DESCRIPTION OF THE TASK:
Set down, exactly, every line from the top of the listing through the one holding "Reynolds, IL 61279".

RECORD EXTRACTS:
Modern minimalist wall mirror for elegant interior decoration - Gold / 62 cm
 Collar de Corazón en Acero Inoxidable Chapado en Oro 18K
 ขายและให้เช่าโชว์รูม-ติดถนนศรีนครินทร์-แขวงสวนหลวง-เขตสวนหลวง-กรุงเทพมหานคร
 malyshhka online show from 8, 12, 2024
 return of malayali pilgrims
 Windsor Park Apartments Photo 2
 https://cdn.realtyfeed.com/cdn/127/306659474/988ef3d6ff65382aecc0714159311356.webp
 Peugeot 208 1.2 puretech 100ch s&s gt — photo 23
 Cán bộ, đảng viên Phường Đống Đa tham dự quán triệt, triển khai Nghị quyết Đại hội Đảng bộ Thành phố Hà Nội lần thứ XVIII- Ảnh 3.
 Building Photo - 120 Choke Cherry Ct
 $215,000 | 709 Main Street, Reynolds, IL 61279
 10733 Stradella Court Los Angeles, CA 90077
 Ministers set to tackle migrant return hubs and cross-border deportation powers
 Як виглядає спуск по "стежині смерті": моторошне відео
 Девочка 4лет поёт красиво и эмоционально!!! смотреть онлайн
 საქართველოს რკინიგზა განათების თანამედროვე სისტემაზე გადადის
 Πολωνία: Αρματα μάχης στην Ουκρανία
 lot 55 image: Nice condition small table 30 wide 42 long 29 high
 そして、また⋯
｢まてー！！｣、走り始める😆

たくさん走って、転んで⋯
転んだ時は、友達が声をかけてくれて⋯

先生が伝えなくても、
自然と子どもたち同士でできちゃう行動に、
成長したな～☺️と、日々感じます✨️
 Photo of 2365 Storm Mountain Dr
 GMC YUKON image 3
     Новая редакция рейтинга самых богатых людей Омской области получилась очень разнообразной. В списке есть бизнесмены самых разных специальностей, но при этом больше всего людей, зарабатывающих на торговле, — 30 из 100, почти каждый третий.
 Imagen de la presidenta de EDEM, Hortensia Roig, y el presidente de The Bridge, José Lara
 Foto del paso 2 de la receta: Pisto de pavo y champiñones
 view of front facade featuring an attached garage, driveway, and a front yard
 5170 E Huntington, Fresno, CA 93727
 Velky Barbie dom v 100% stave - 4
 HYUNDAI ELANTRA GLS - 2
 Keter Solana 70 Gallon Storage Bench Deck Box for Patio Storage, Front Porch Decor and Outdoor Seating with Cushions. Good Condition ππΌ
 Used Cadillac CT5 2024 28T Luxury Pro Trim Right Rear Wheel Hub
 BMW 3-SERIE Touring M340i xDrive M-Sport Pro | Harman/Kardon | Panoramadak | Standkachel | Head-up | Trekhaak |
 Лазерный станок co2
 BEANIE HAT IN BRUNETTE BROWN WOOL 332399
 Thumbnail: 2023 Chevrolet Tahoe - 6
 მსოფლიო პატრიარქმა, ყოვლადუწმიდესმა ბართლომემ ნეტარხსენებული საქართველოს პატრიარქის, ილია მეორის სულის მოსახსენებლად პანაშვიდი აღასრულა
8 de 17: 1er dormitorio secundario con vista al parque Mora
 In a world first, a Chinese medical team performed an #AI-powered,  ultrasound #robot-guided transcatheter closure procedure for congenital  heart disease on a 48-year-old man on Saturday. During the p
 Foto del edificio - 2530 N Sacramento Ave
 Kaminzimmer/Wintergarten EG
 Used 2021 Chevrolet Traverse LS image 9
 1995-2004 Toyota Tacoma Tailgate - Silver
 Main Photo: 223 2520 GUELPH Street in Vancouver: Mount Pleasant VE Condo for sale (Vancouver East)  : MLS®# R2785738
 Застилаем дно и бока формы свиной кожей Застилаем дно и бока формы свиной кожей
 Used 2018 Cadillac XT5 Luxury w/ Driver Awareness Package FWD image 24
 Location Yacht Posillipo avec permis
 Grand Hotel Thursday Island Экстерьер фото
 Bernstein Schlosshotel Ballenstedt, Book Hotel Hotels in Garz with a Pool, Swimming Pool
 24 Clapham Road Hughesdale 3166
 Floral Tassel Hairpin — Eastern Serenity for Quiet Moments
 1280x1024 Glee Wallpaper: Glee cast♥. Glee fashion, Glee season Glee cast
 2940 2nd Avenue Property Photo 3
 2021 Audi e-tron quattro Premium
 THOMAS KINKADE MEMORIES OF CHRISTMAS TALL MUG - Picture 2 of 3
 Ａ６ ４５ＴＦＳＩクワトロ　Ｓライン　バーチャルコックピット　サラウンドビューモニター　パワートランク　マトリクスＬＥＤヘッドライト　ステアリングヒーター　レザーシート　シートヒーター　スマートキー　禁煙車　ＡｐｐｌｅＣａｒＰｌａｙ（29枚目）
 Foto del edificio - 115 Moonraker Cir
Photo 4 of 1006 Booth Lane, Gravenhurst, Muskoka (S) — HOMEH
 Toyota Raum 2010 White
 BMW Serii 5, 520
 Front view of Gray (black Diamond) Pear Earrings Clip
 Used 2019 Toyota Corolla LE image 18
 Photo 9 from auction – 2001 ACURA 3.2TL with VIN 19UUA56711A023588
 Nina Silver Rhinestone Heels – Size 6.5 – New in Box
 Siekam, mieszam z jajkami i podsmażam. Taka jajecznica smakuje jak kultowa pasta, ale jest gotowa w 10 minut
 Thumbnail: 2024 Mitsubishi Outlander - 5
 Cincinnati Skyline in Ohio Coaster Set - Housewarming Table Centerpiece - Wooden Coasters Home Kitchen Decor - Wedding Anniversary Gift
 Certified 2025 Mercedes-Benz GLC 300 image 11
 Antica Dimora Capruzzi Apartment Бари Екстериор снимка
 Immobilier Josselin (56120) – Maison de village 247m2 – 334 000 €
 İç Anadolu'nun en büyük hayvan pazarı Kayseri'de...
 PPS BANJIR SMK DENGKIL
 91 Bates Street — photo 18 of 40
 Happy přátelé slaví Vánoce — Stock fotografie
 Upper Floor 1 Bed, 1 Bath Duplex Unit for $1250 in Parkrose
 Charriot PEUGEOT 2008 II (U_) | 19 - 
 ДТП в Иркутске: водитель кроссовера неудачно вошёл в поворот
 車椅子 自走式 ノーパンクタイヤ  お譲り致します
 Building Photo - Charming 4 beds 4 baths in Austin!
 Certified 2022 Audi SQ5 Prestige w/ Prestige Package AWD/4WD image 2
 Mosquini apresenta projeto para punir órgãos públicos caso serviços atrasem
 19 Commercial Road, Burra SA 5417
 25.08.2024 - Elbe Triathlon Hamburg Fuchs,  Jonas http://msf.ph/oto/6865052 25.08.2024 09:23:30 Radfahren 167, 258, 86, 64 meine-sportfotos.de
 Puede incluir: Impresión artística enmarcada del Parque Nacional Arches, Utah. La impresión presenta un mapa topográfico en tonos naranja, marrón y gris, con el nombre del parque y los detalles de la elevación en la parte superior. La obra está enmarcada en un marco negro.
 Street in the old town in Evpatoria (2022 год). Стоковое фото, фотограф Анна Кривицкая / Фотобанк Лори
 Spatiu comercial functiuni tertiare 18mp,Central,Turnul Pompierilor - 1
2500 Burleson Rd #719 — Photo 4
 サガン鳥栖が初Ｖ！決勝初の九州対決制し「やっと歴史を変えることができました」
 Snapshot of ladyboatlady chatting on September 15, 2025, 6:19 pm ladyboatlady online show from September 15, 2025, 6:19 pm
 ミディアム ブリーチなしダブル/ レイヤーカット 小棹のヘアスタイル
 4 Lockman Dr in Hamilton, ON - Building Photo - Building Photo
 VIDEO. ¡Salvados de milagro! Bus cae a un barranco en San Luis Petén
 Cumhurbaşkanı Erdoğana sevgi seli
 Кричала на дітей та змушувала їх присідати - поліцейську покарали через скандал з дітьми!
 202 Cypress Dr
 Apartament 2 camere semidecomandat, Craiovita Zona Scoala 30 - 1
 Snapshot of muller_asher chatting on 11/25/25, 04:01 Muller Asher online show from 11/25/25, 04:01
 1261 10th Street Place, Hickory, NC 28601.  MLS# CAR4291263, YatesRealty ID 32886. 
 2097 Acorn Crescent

EXERCISE SOLUTION:
Modern minimalist wall mirror for elegant interior decoration - Gold / 62 cm
 Collar de Corazón en Acero Inoxidable Chapado en Oro 18K
 ขายและให้เช่าโชว์รูม-ติดถนนศรีนครินทร์-แขวงสวนหลวง-เขตสวนหลวง-กรุงเทพมหานคร
 malyshhka online show from 8, 12, 2024
 return of malayali pilgrims
 Windsor Park Apartments Photo 2
 https://cdn.realtyfeed.com/cdn/127/306659474/988ef3d6ff65382aecc0714159311356.webp
 Peugeot 208 1.2 puretech 100ch s&s gt — photo 23
 Cán bộ, đảng viên Phường Đống Đa tham dự quán triệt, triển khai Nghị quyết Đại hội Đảng bộ Thành phố Hà Nội lần thứ XVIII- Ảnh 3.
 Building Photo - 120 Choke Cherry Ct
 $215,000 | 709 Main Street, Reynolds, IL 61279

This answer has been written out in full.